Methodology

When examining how pluralism affected urban life and how culture contacts affected the expression of identity, an analysis of material practices offers a privileged means of enquiring into the city’s new dwellers’ negotiation of two opposing attitudes: namely, the desire to maintain practices from their place of origin, and acculturation to those of their new environment. These attitudes should both be considered as strategies employed by groups and individuals to reaffirm their perceived identity and as a way of reacting creatively to new environments, drawing upon their own cultural backgrounds.

Document in Greek on the opening of a Jesuit school in the 17th century Izmir (from the Archive of the Society of Jesus, Rome)

Identity is primarily intended as ‘a way of being and doing’ (Jansen 2001), that is, a way of making things in everyday life involving material practices. The concreteness of this aspect of identity leads individuals to self-position themselves in relation to other individuals who are recognised as similar or different according to how they do things.

The materiality of identity should not be seen as a ‘folklorisation’ of historical knowledge.
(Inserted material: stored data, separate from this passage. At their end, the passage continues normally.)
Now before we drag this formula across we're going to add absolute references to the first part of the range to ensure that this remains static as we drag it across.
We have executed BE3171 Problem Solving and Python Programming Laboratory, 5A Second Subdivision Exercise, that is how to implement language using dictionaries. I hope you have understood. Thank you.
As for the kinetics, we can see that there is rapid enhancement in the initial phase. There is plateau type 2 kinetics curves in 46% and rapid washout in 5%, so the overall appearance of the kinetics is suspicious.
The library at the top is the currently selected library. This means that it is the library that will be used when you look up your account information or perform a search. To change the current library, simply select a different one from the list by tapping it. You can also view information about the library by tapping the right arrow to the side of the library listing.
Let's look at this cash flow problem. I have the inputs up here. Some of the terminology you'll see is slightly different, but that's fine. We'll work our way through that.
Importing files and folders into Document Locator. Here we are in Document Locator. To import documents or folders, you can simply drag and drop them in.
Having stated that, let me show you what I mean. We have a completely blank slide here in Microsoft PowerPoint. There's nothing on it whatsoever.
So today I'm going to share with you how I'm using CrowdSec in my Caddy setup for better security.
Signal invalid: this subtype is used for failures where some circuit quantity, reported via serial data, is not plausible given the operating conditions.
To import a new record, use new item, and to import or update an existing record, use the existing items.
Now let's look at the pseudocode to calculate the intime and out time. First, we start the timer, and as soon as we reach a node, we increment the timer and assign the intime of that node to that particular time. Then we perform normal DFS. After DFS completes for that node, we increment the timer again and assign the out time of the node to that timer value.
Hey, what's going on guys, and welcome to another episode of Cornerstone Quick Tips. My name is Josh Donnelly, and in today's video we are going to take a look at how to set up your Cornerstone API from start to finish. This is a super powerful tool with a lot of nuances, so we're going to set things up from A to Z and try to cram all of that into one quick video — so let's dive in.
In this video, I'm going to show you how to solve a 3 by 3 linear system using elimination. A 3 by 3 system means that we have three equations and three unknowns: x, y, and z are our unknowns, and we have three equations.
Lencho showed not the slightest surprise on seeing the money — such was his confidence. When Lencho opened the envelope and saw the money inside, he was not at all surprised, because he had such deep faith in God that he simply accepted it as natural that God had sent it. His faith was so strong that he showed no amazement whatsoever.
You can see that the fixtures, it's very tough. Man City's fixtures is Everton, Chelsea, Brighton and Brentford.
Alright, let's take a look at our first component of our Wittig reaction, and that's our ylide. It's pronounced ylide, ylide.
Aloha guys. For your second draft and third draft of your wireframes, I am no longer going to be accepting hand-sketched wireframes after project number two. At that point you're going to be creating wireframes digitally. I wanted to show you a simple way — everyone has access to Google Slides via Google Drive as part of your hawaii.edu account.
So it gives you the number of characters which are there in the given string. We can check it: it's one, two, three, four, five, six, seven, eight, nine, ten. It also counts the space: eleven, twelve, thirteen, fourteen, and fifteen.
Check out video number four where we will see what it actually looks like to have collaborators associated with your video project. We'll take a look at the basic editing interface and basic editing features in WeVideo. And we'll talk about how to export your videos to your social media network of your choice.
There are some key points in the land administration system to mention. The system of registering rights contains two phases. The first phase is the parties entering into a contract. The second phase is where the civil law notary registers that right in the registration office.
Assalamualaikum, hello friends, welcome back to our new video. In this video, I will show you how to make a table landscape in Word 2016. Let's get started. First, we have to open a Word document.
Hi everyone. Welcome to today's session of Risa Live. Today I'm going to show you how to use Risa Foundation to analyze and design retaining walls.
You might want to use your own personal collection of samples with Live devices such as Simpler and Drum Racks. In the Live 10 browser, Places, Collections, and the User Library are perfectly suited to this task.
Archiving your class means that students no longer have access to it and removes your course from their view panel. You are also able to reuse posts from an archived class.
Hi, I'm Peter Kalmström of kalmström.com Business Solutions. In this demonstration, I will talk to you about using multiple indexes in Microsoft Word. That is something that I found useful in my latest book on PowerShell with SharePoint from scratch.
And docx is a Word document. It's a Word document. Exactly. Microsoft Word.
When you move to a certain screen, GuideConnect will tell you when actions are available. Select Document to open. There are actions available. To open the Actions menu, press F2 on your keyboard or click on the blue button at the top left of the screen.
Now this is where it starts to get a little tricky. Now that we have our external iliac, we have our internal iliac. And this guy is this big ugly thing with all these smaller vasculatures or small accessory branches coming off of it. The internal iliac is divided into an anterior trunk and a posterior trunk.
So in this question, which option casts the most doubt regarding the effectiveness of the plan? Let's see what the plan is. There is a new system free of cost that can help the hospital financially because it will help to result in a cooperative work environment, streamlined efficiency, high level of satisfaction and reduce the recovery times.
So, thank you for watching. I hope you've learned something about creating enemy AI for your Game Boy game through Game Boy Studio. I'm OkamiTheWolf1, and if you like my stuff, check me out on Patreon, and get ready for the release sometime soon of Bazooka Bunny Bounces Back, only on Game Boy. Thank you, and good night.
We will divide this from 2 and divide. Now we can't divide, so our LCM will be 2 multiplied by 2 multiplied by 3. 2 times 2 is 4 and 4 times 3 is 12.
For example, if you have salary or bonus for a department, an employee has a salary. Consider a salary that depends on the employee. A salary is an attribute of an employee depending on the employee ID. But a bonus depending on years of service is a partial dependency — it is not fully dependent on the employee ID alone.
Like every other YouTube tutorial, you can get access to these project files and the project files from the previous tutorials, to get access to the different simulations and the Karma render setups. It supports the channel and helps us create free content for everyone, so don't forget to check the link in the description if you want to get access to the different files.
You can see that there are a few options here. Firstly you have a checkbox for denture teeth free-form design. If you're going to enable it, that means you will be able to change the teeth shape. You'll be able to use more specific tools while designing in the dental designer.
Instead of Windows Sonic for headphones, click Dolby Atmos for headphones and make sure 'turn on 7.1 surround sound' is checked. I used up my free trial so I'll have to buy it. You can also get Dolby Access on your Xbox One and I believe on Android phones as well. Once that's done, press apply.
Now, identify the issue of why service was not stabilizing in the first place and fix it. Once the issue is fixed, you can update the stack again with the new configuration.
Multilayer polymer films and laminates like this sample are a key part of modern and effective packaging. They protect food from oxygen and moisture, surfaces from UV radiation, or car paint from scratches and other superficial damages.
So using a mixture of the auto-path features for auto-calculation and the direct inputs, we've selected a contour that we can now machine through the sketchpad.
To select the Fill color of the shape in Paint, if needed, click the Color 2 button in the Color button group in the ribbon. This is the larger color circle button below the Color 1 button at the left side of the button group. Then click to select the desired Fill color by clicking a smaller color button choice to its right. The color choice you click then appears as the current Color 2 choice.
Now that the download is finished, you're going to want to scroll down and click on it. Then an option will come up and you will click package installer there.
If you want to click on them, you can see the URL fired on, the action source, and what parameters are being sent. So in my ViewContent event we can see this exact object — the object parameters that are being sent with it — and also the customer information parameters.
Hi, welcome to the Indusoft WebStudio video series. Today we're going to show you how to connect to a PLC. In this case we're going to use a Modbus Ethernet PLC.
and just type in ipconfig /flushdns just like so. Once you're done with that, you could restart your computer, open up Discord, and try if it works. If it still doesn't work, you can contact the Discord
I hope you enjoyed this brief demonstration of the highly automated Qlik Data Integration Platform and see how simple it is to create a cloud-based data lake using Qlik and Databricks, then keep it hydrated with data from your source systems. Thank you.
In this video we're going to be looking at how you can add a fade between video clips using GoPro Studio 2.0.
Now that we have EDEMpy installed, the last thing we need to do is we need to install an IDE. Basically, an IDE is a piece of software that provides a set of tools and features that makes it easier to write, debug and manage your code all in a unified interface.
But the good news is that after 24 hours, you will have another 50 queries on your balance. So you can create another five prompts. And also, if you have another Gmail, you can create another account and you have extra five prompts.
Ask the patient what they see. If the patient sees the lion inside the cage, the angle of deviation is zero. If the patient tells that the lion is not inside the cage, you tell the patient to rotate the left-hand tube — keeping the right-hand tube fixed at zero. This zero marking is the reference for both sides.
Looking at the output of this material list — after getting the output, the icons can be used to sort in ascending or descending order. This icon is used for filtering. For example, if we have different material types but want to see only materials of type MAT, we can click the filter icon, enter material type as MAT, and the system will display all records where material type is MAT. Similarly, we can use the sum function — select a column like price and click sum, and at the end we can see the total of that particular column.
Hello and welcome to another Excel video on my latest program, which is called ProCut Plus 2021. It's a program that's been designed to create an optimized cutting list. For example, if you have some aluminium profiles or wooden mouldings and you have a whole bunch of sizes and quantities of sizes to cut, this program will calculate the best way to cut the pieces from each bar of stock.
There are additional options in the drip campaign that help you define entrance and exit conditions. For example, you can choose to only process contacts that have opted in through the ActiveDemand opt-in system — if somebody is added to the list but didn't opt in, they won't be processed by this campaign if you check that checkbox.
Rather, from Daniel Roche’s perspective, it is to be understood as a focus on “re-materialising the principles of our knowledge and so achieving a better grasp of our relation to things, our mediation with objects and the world around us’ (Roche 2000). The use of material practices as identity detectors sheds light on the possible ways in which identity has been channelled in the visible forms of daily life. This kind of materiality as concrete identity not only allows us to study what a specific cultural group saw as meaningful, but also highlights how historical negotiations of identity were subject to material constraints, being highly dependent on the availability of certain products in the place of arrival.

Daily practices and material life have been studied using different types of sources. MedRoute employs travellers’ accounts of the time – where groups’ behaviours can be more easily identified – alongside archival sources – in which individual attitudes toward acculturation and isolation are more readily apparent. The use of travel accounts in cultural studies has been greatly problematised, as travellers have been often theorised as the forerunners of an Orientalistic-like discourse on otherness, starting from Edward Said’s Orientalism (1978). However, this approach has been contested in recent literature, which has highlighted the ability of many premodern travellers to approach diversity (Roddan 2016; Harper 2011; Ghobrial 2014). They often are an attempt at cultural synthesis.

To examine how identity, as a way of doing things materially, is negotiated in premodern port cities, the project focus on three identity markers: food, clothing and language.